Very helpful. I think last question and the last point on labor. Maybe update kind of on what you're seeing right now with labor availability in your markets, wage rates, how much higher wage rates right now than they were back in '19 for example and beyond taking price where you're seeing the best opportunities to leverage that and become more efficient?
Let me take a step back and let Doug provide more specific numbers. Regarding our opportunities, we believe that leveraging technology is key to addressing the limited and shrinking labor force. While there are early signs of some workers returning, I want to clarify that we are not back to pre-pandemic levels. Many people in our segment are beginning to spend their savings, which have been historically high, and as their funds deplete, they may feel compelled to return to work. Anecdotally, we have observed increased job postings and more candidates attending interviews, which is positive news. However, the labor market remains challenging alongside inflation and other factors. For instance, we are implementing robots for cleaning to enhance the efficiency of our housekeeping staff. Additionally, we are evolving our movie tavern model, shifting from traditional table service to allowing customers to place orders through our app, which streamlines operations. This move to runners increases efficiency within our labor force. We are also focused on improving ordering processes in our theaters to reduce wait times at concession stands, ultimately benefiting our revenue per customer. Across various locations, including high-end restaurants, we are encouraging guests to order food through apps rather than relying solely on servers due to labor market constraints. We are actively exploring numerous ways to adapt and enhance our operations.

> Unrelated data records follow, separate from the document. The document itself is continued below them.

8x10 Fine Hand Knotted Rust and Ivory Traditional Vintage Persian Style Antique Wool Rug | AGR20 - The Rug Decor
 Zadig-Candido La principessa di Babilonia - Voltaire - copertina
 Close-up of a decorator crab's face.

Regarding the first part of your question, we don’t have a specific percentage or number to provide because our labor forces differ significantly between our hotels and theaters. We've observed increases across the board in wage rates for both businesses. However, it’s interesting to note that, as Greg mentioned earlier concerning our theater operations, we didn’t just implement an 11% hike in ticket prices or a 15% to 20% increase in concession prices. Instead, we managed to generate more revenue per guest, which plays a significant role in addressing some of the labor challenges we’re facing, and this wasn’t solely achieved by raising prices. Greg highlighted that we are actively reviewing our strategies, including pricing and revenue management, which has long been a part of our hotel operations. We will keep experimenting with and testing various pricing approaches to help mitigate the wage increases we are encountering. We have already conducted some experiments and plan to continue doing so in the future.
Perfect. Thank you, guys.
Thank you. At this time, it appears we have no further questions. I'd like to turn the call back to Mr. Neis for any additional or closing remarks.
Well, thank you. Like – certainly, I’d like to thank all of you once again for joining us today. We look forward to talking to you once again in early May when we release our fiscal 2022 first quarter results. Until then, thank you and have a great day.
That concludes today's call. You may now disconnect your lines and have a wonderful day.